> **Work task**
In the data below, the answer is the run of lines from the line containing "عکس ژل عروسکی" through the line containing "Imagem microscópia de", both included; print it exactly and nothing else.

> **Available records**
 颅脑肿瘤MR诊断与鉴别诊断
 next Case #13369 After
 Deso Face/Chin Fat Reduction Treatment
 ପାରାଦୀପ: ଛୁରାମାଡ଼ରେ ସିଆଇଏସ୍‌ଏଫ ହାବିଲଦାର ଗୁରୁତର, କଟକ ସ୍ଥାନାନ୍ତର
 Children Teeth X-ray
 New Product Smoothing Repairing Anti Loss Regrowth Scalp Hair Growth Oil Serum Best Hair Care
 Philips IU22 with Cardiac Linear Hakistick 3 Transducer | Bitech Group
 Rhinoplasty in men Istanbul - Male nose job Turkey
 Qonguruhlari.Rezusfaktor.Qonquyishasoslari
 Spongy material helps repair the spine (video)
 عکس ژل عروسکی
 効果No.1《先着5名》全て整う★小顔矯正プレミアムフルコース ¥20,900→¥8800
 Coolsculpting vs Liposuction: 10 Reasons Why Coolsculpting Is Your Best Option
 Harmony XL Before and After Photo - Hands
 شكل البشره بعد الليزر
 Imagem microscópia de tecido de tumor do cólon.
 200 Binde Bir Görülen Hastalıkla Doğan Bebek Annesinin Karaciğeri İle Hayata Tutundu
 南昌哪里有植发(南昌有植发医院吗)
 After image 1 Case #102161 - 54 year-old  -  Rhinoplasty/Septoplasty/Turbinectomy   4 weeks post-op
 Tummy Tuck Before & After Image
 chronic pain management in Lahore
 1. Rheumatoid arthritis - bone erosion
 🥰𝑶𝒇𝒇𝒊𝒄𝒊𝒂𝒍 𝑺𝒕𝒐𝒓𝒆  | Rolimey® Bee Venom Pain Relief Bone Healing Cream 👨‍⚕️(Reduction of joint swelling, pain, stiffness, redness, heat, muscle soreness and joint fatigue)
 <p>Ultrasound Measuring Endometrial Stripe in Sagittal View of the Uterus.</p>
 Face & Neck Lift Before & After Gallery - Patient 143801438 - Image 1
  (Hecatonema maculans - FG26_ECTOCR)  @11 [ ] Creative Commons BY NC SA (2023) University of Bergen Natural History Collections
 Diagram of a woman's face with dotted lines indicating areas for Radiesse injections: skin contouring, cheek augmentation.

> **Response to this task**
 عکس ژل عروسکی
 効果No.1《先着5名》全て整う★小顔矯正プレミアムフルコース ¥20,900→¥8800
 Coolsculpting vs Liposuction: 10 Reasons Why Coolsculpting Is Your Best Option
 Harmony XL Before and After Photo - Hands
 شكل البشره بعد الليزر
 Imagem microscópia de tecido de tumor do cólon.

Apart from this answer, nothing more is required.